Not a citizen of the empire,
and sure as hell, not a slave of the emperor,
but a slave of Jesus Christ.

Six words into his letter to the Romans,
and he has already put them on notice.
This was “in your face stuff.”

And it didn’t stop there.

Knowing full well that imperial pronouncements were named “gospels,”
Paul goes out of his way to repeat that word
in the first few sentences of his letter.

He is set apart by the “gospel of God,”
“the gospel concerning his Son,”
he “announces this gospel,”
he “is not ashamed of this gospel.”

Gospel, gospel, gospel.

If his Roman hearer’s didn’t get it,
if they didn’t pick up the radically subversive nature
of what he was saying,
then he would rub their noses in it.

Rome proclaims a gospel,
Paul proclaims an alternative gospel.

And he will not be ashamed of this gospel.

Why not?

Because it is the power of God for salvation,
it is the only power
……that can set this terribly broken world right,
it is the only story
……that can offer redemption
……in the face of the deceitful narratives of the empire,
it is the announcement of new creation
……that a creation groaning in travail has been so longing for.

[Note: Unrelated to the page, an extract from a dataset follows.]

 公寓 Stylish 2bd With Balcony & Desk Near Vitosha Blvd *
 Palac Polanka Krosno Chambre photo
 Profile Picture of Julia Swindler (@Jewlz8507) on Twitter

But Paul wants to make sure that his Roman audience,
understands who is the subject of this gospel.
This is the gospel of Jesus,
this is the gospel of the one who was declared to be
“the Son of God with power, according to the Spirit of holiness,
by resurrection from the dead.”

It all hangs on the resurrection, Paul insists.
Because he has risen from the dead,
……he is Lord, says Paul.
And if he is Lord,
if he is the Son of God,
if he is the one in whom true sovereignty lies,
then Caesar is effectively dethroned!
And if the risen Jesus is Lord, says Paul,
then the ministry of the gospel,
is to bring about nothing less than the obedience of the nations.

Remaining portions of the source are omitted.